● **DATA SHOWN**:
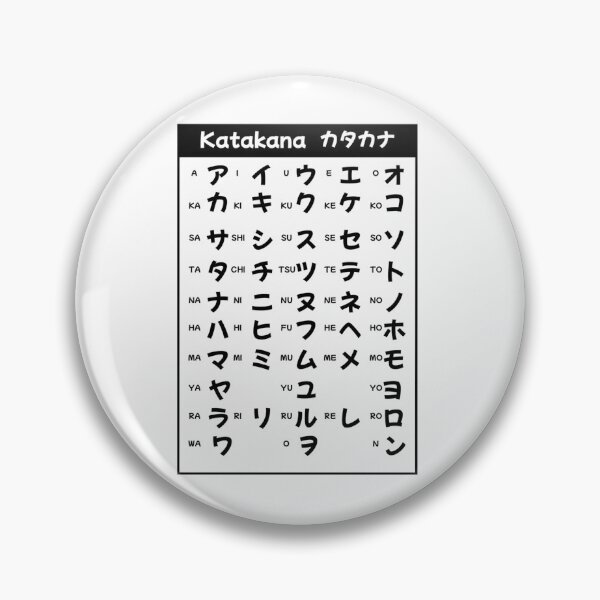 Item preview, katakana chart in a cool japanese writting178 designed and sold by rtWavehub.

* * *

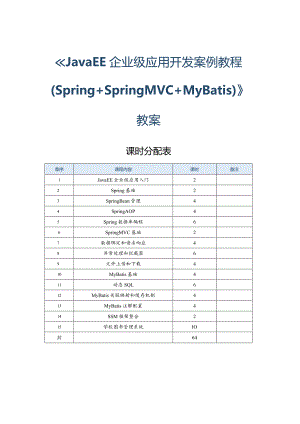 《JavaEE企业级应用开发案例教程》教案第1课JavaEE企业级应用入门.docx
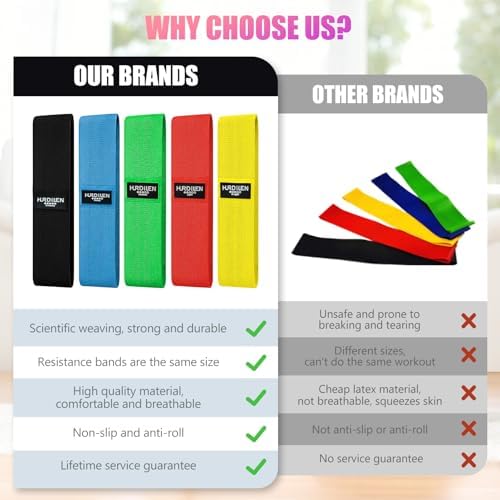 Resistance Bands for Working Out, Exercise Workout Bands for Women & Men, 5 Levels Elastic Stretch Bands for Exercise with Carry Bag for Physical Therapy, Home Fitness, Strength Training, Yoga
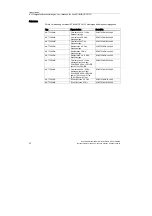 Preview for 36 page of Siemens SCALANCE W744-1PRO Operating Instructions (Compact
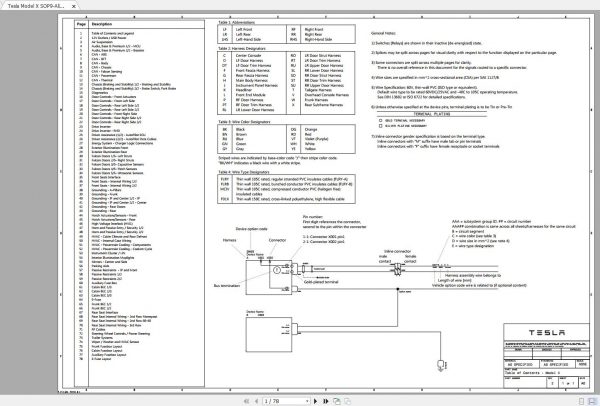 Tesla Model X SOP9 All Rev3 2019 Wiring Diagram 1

● **WHAT IS REQUIRED**: Look above and copy only the lines from the one holding "Resistance Bands for" to the one holding "Tesla Model X", both included, exactly, minus the pictures.

● **ANSWER SECTION**:
 Resistance Bands for Working Out, Exercise Workout Bands for Women & Men, 5 Levels Elastic Stretch Bands for Exercise with Carry Bag for Physical Therapy, Home Fitness, Strength Training, Yoga
 Preview for 36 page of Siemens SCALANCE W744-1PRO Operating Instructions (Compact
 Tesla Model X SOP9 All Rev3 2019 Wiring Diagram 1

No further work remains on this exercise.